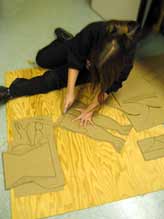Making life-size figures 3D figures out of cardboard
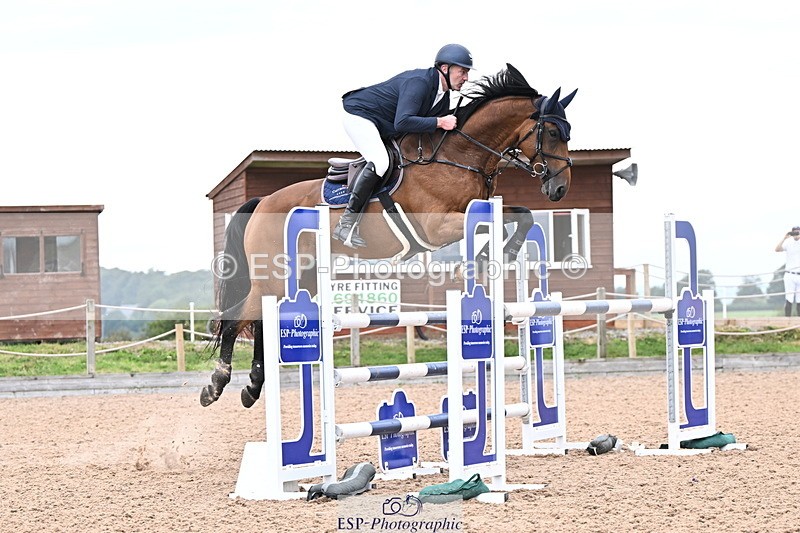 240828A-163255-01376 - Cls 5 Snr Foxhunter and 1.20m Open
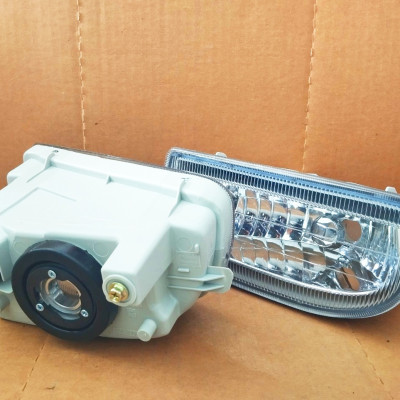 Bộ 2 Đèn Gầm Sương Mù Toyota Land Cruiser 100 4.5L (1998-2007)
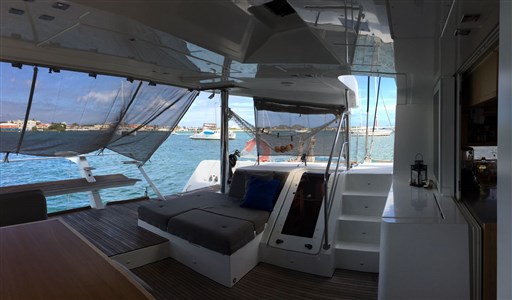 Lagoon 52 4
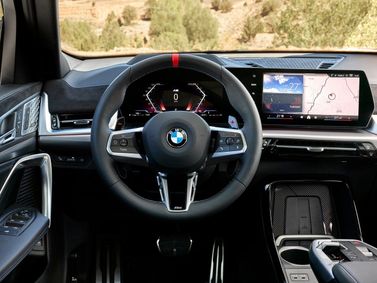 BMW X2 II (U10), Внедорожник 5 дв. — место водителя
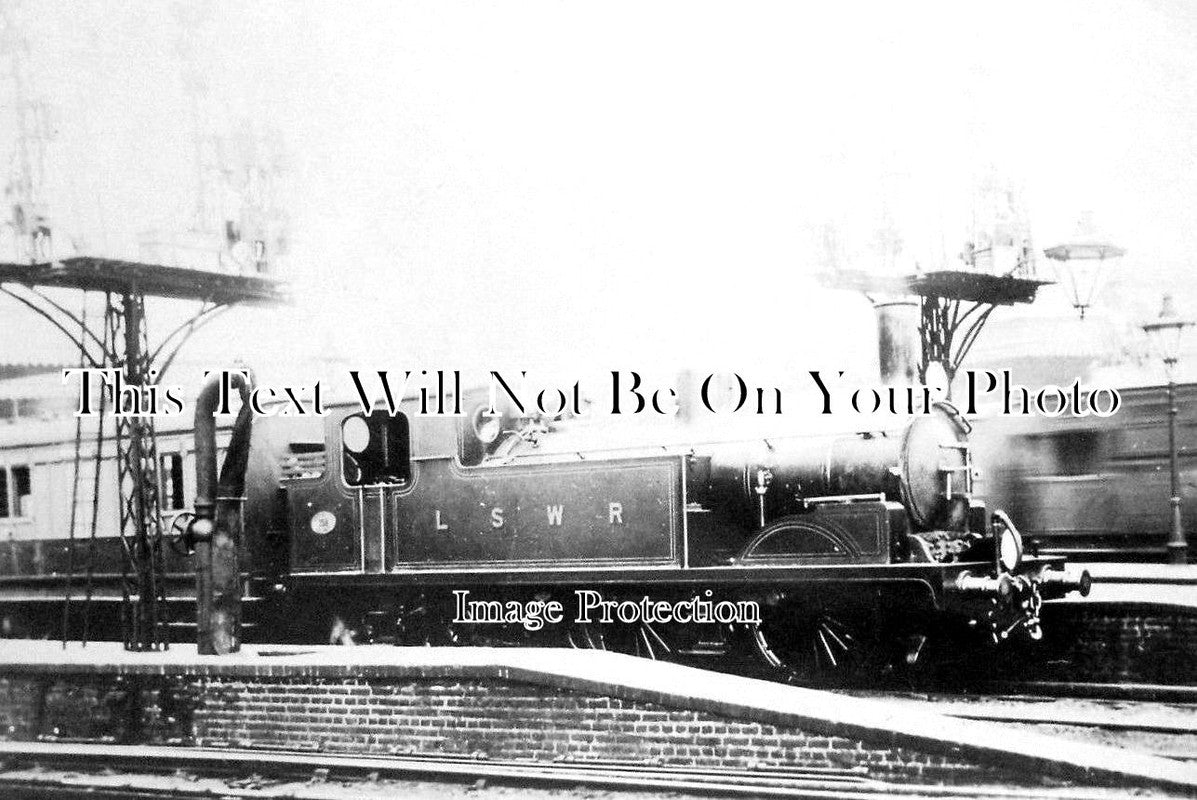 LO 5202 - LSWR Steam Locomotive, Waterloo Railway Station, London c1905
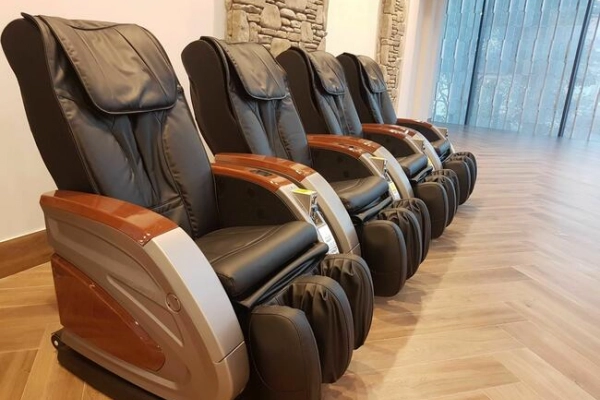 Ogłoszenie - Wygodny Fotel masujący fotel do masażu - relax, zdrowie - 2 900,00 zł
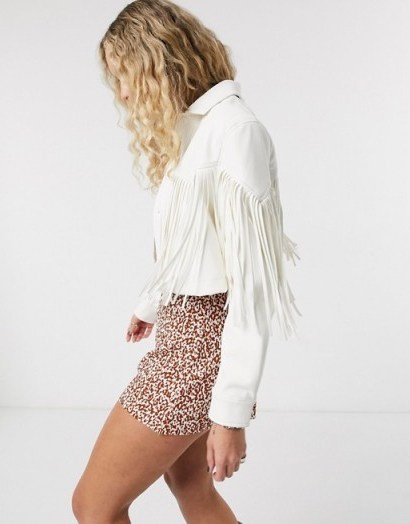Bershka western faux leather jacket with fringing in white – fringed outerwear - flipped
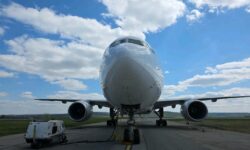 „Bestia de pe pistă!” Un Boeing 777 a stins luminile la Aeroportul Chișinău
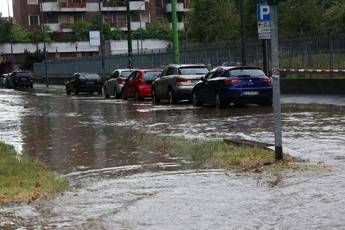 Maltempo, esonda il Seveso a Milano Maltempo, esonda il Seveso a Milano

——

# Assignment:
Since the copy must contain no pictures, return only the text of the records, exactly as it stands.

# Expected answer:
Making life-size figures 3D figures out of cardboard
 240828A-163255-01376 - Cls 5 Snr Foxhunter and 1.20m Open
 Bộ 2 Đèn Gầm Sương Mù Toyota Land Cruiser 100 4.5L (1998-2007)
 Lagoon 52 4
 BMW X2 II (U10), Внедорожник 5 дв. — место водителя
 LO 5202 - LSWR Steam Locomotive, Waterloo Railway Station, London c1905
 Ogłoszenie - Wygodny Fotel masujący fotel do masażu - relax, zdrowie - 2 900,00 zł
Bershka western faux leather jacket with fringing in white – fringed outerwear - flipped
 „Bestia de pe pistă!” Un Boeing 777 a stins luminile la Aeroportul Chișinău
 Maltempo, esonda il Seveso a Milano Maltempo, esonda il Seveso a Milano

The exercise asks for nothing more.